(Entries taken from a collection)
◇ ◇ ◇ ◇
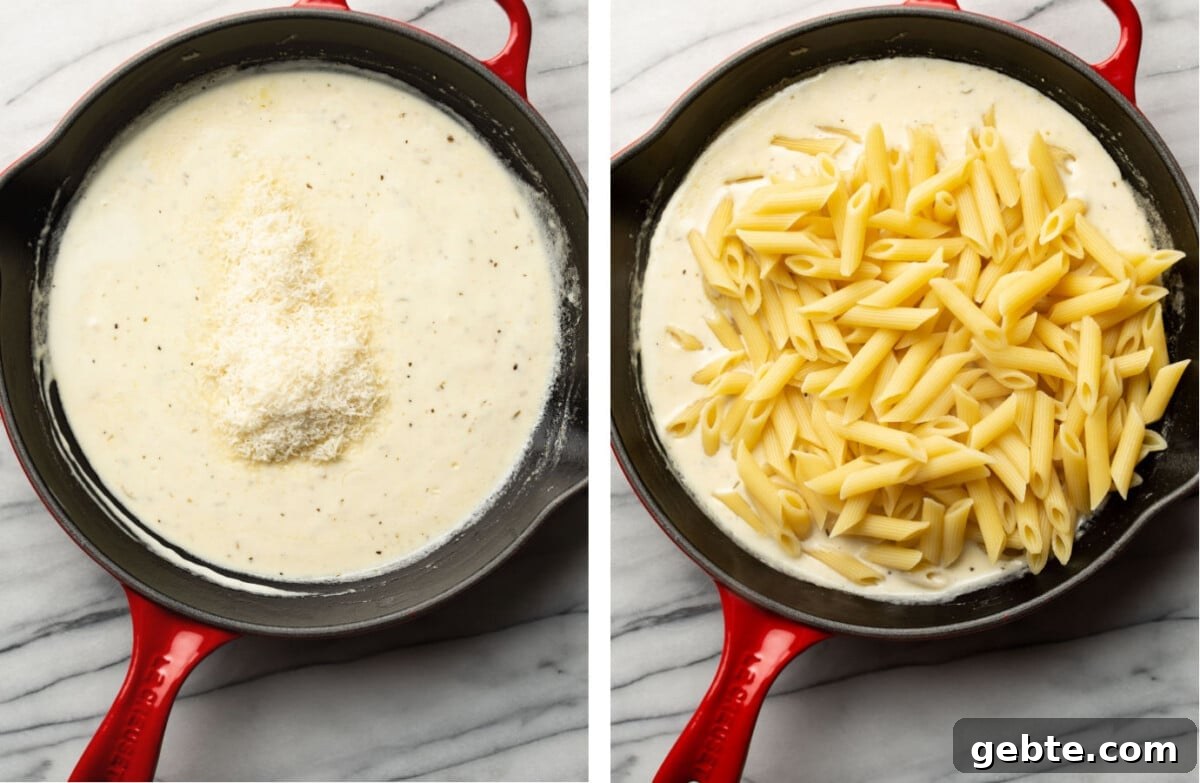 adding parmesan to a skillet with creamy garlic sauce then tossing with penne
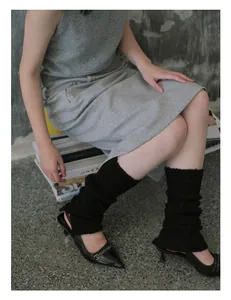 Close-up of black ribbed knit leg warmers styled with pointed-toe stiletto heels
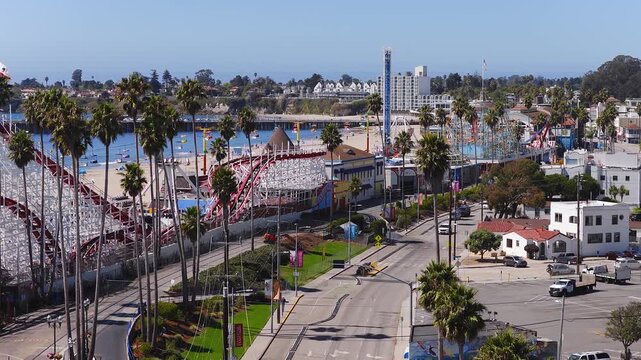 Aerial view tracks along the Giant Dipper roller coaster, sandy coast, palm trees, and ocean amusement park attractions in Santa Cruz, California, on a sunny day.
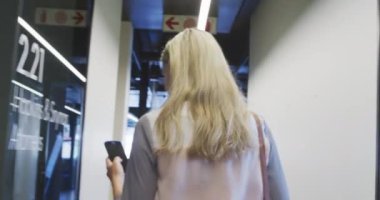 Kafkasyalı bir kadın iş kadınının modern bir ofisin koridorunda akıllı telefon kullanarak yürüdüğüne dair arka bakış açısı.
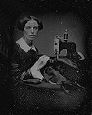 victorian photo of woman at sewing machine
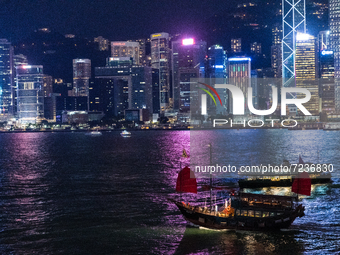 A tour junk crosses a star ferry on Victoria Harbour at night, in Hong Kong, China, on October 17, 2021. (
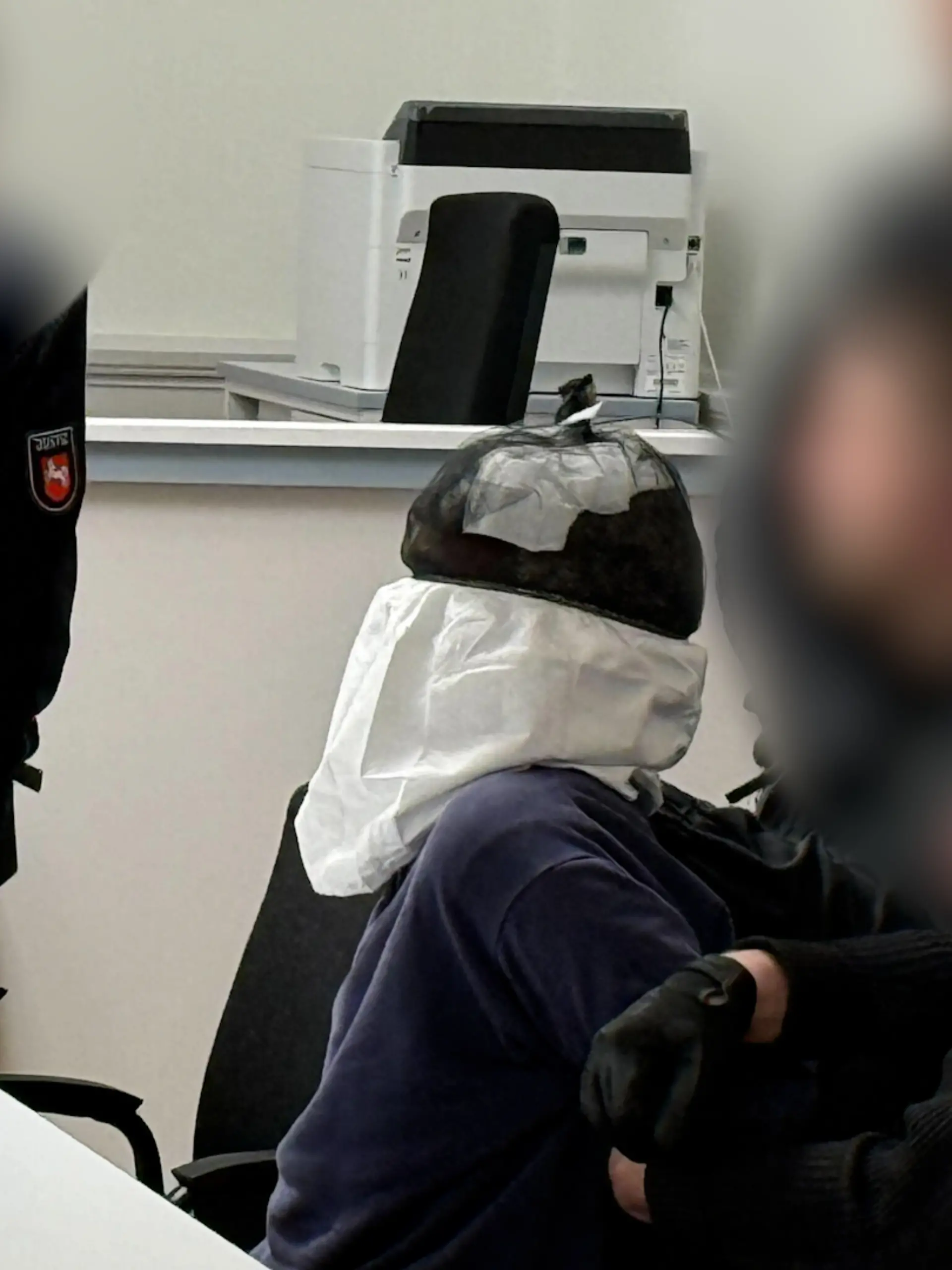 Mit einem Spuckschutz sitzt der 30-Jährigen aus Guinea-Bissau vor Gericht.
◇ ◇ ◇ ◇
[What the task asks] What the answer must hold is the exact text of every line from the one containing "Close-up of black" through the end of the data, minus any pictures.

[Worked solution]
 Close-up of black ribbed knit leg warmers styled with pointed-toe stiletto heels
 Aerial view tracks along the Giant Dipper roller coaster, sandy coast, palm trees, and ocean amusement park attractions in Santa Cruz, California, on a sunny day.
 Kafkasyalı bir kadın iş kadınının modern bir ofisin koridorunda akıllı telefon kullanarak yürüdüğüne dair arka bakış açısı.
 victorian photo of woman at sewing machine
 A tour junk crosses a star ferry on Victoria Harbour at night, in Hong Kong, China, on October 17, 2021. (
 Mit einem Spuckschutz sitzt der 30-Jährigen aus Guinea-Bissau vor Gericht.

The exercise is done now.